The Joe Louis Story is a 1953 American movie starring Coley Wallace as Joe Louis, James Edwards as Jack "Chappie" Blackburn, and Shorty Linton (Louis's first trainer) as himself. Wallace himself was an accomplished pro boxer who once beat Rocky Marciano as an amateur.

What's remarkable about this dramatized training is its accuracy. It captures very real coaching wisdom of the time. The scenes with Linton are also unscripted. It's a short video, but there's so much to cover because the footage is pure gold.

I can't think of one boxing expert or historian who thinks modern boxers are better than their counterparts from the past. Boxing in the US is the inverse of other sports. While other sports have become more popular, boxing has declined in popularity.

Many of today's sports stars are better than their past counterparts because they're bigger, more athletic, and have had more play time. In boxing, however, since the peak was the past, fighters of the past had more fights and more experience. Since boxing also has weight divisions, size isn't relevant. In addition, there was more money in boxing relative to other sports, which meant they had better training and better athletes.

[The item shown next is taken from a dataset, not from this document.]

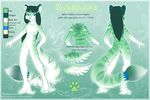  blue_eyes breasts deity feathers feline female fluffy fur goddess green_fur green_hair green_theme hair hybrid lati_the_lombax long_tail mammal model_sheet nipples nude pawprint pussy rabiah solo sphinx wings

One thing you won't see in most old boxing movies, even from the 80s, is pad work. You won't see it in The Joe Louis Story. You probably won't see it in any of the training footage of the top ten greatest pound-for-pound boxers of all time.

What you will see in The Joe Louis Story is shadowboxing drills with the coach watching and giving feedback, then designing new drills to get a desired behavior. Also a lot of training situations for theory. Every moment is teachable.

A lot of coaching is about watching. It's also about developing an embodied fighter who understands how their body moves through air. Constantly hitting things doesn't let you know if you would have lost your balance if you didn't run into something. Learning to crash into things to hold yourself up is how you'll crash into your opponent's punches.